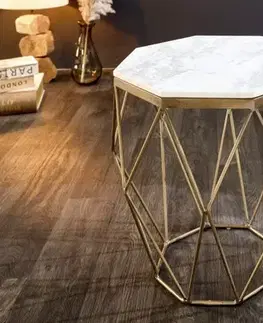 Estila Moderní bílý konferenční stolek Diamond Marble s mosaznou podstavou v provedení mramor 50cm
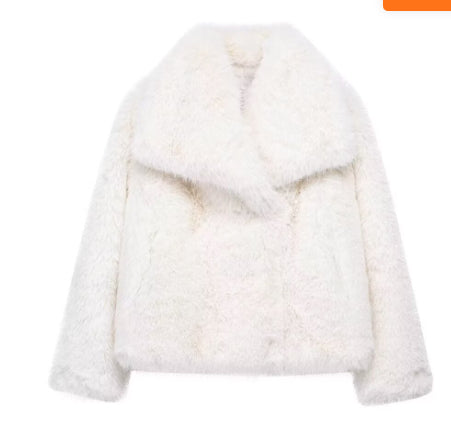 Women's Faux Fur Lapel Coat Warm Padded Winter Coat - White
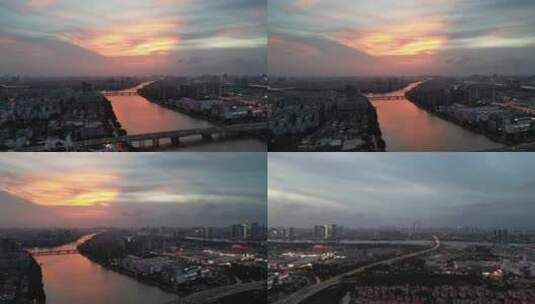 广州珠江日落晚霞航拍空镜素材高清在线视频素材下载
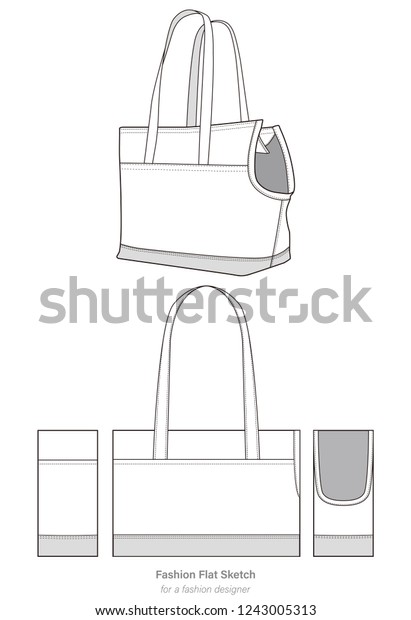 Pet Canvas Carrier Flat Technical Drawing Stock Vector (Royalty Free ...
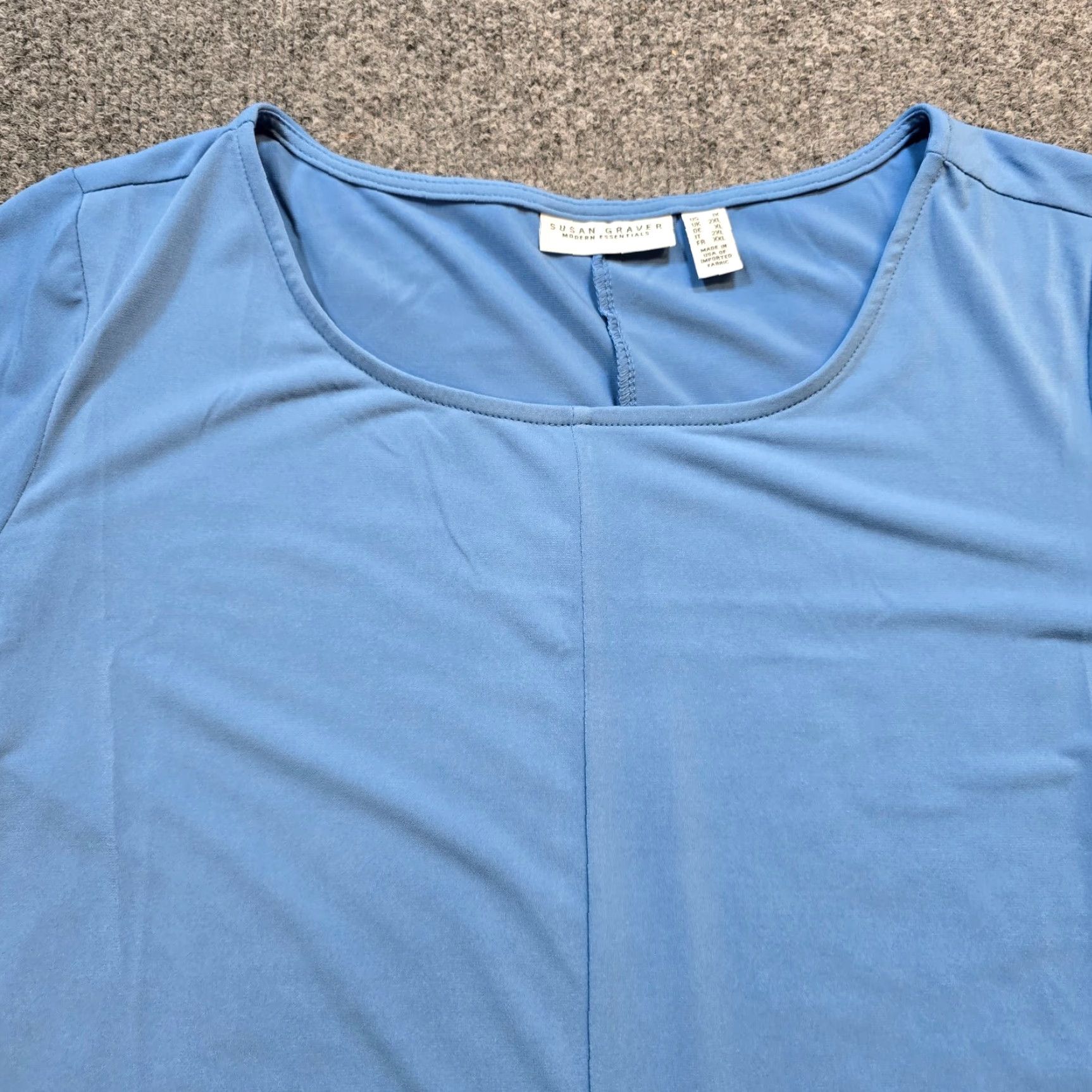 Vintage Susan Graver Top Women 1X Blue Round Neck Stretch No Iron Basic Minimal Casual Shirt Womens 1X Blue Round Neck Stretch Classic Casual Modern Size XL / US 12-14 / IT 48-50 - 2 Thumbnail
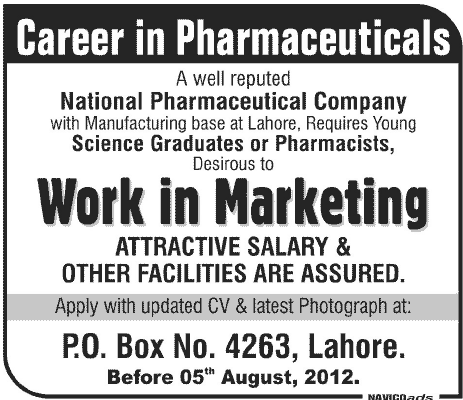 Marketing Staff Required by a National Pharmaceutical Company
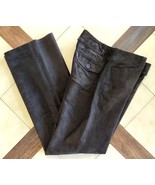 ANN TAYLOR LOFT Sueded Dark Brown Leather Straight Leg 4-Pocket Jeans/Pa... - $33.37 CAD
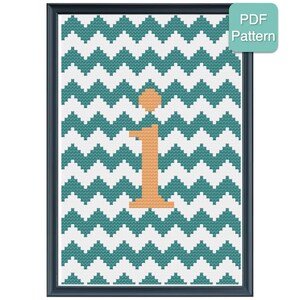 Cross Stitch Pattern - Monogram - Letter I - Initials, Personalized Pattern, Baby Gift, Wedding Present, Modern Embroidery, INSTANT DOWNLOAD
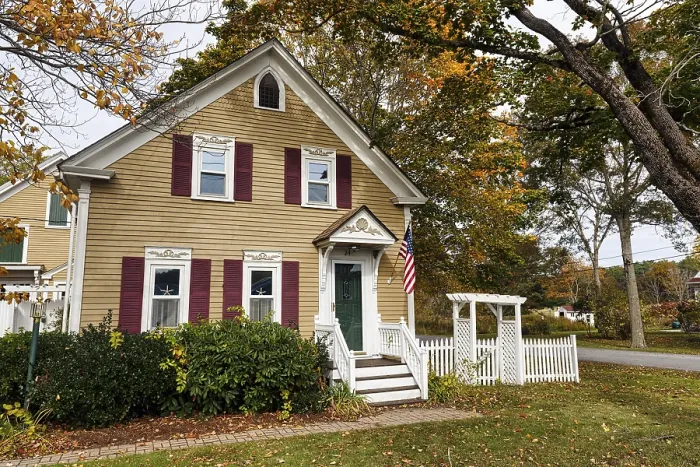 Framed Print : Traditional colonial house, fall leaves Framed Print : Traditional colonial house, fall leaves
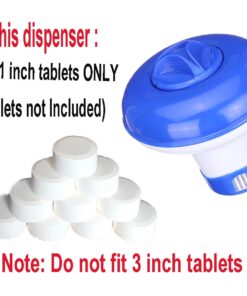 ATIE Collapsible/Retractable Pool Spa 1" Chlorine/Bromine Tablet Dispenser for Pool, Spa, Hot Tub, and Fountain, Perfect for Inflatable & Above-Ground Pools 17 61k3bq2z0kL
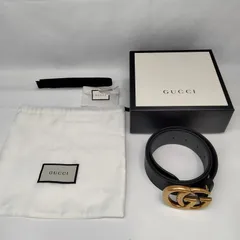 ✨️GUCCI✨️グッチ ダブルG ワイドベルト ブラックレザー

..........

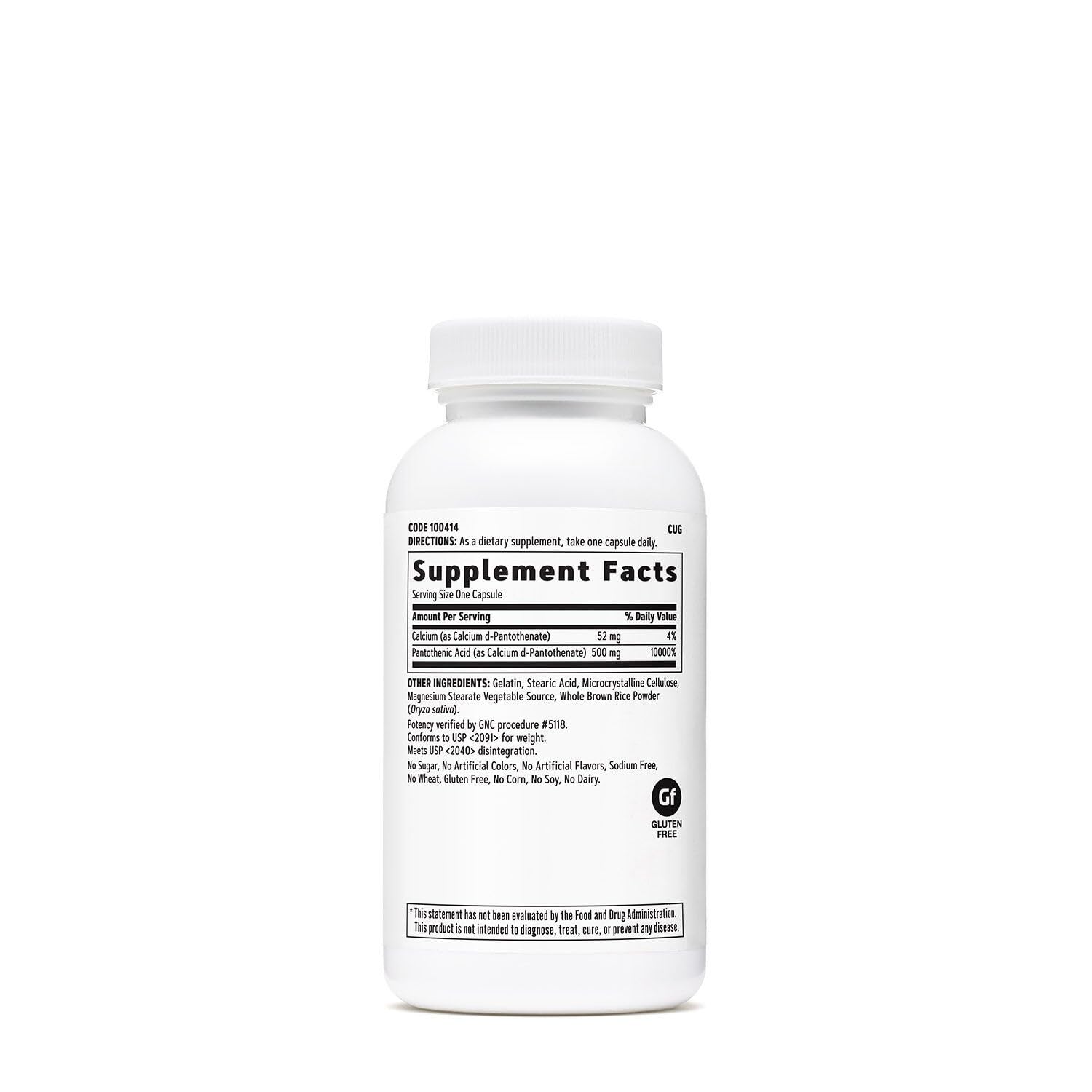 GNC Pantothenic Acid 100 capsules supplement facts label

..........

# [Exercise description]
I'd like the lines above repeated exactly, from the one that contains "Vintage Susan Graver" through the one that contains "ダブルG ワイドベルト ブラックレザー", with no pictures.

# [Output for this task]
 Vintage Susan Graver Top Women 1X Blue Round Neck Stretch No Iron Basic Minimal Casual Shirt Womens 1X Blue Round Neck Stretch Classic Casual Modern Size XL / US 12-14 / IT 48-50 - 2 Thumbnail
 Marketing Staff Required by a National Pharmaceutical Company
 ANN TAYLOR LOFT Sueded Dark Brown Leather Straight Leg 4-Pocket Jeans/Pa... - $33.37 CAD
 Cross Stitch Pattern - Monogram - Letter I - Initials, Personalized Pattern, Baby Gift, Wedding Present, Modern Embroidery, INSTANT DOWNLOAD
 Framed Print : Traditional colonial house, fall leaves Framed Print : Traditional colonial house, fall leaves
 ATIE Collapsible/Retractable Pool Spa 1" Chlorine/Bromine Tablet Dispenser for Pool, Spa, Hot Tub, and Fountain, Perfect for Inflatable & Above-Ground Pools 17 61k3bq2z0kL
 ✨️GUCCI✨️グッチ ダブルG ワイドベルト ブラックレザー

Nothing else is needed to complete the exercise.